Il y a la personnalisation basique qui consiste à faire graver un prénom. Mais la personnalisation peut aussi consister à faire graver sur un bijou l'empreinte digitale de l'enfant, une empreinte de pied, de main… Enfin, certaines personnes nous contactent pour de la personnalisation plus poussée, c'est-à-dire des bijoux sur-mesure. Nous mettons en place un cahier des charges et regardons ce qui correspond le plus à leur demande. Une fois le modèle acheté, nous lançons la fabrication auprès de l'atelier et nous procédons à l'expédition.

La troisième étape charnière, c'est le recentrage autour des bijoux made in France, personnalisés, qui sont portés lors d'événements importants de la vie.

Les bijoux enfants représentent une part importante de vos ventes…

Oui, nous vendons beaucoup de bijoux pour enfants, puisque nos offres sont orientées vers les cadeaux de naissance, les baptêmes, la communion, etc. Ce qui permet aussi de découvrir des créateurs plus ou moins spécialisés dans les bijoux pour enfants. Je prends par exemple les marques je t'Ad'Or, La Fée Galipette, ou Mikado.

En réalité, nous ciblons tout le monde, avec une offre positionnée sur l'univers de la parentalité. À partir du moment où nous allons vendre des bijoux pour les enfants, nous allons toucher aussi les parents et les grands-parents, les frères et sœurs.

Nous évoluons vraiment dans cet univers de la parentalité, de la naissance, de l'enfance.

Quelle est votre zone de distribution ?

Marmottine distribue partout en France.

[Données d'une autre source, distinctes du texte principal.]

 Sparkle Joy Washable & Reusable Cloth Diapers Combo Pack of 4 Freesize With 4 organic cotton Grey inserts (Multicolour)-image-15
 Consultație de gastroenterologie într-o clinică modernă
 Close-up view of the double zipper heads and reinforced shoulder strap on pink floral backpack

Nous commençons également à toucher l'étranger, Angleterre, Espagne, Italie, USA, Canada et les pays francophones, pour l'essentiel, le site étant uniquement disponible en français.

Travaillez-vous avec des artisans seine-et-marnais ?

Malheureusement non, je n'ai pas trouvé d'artisan qui puisse correspondre à l'offre de Marmottine. Il est difficile de trouver un créateur formé en bijouterie dans les règles de l'art en dehors des bassins d'activité dont j'ai parlé.

Quelles sont les prochaines évolutions pour votre site ?

J'aimerais que Marmottine puisse, dans les prochaines années, disposer de sa propre collection. L'idée prend progressivement forme, je ne vais pas lancer n'importe quoi, n'importe quand, ni reproduire des choses qui existent déjà. Cela n'apporterait aucune valeur ajoutée. Je souhaite également que l'entreprise poursuive sa croissance, en terme de notoriété et de volume des ventes, tout en continuant à contribuer à faire découvrir, intégrer et faire grandir de nouveaux créateurs. Et par-dessus tout, garder un très haut niveau de qualité.

Ne seriez-vous pas tentée par une boutique ou des corners ?

Pourquoi pas, ponctuellement, sur une période comme Noël, par exemple J'ai déjà présenté mes bijoux sur des marchés lors des fêtes de fin d'année. Mais cela reste complexe à mettre en œuvre et demande beaucoup d'énergie, de présence. Il ne s'agit pas du tout du même métier que sur le net. La personnalisation est aussi un frein, puisqu'il est difficile de proposer du sur-mesure en pratiquant de la vente physique. Donc, ce n'est pas exclu, parce que c'est vrai qu'avoir un corner, cela permet aussi de se faire connaître et de développer la notoriété de la marque.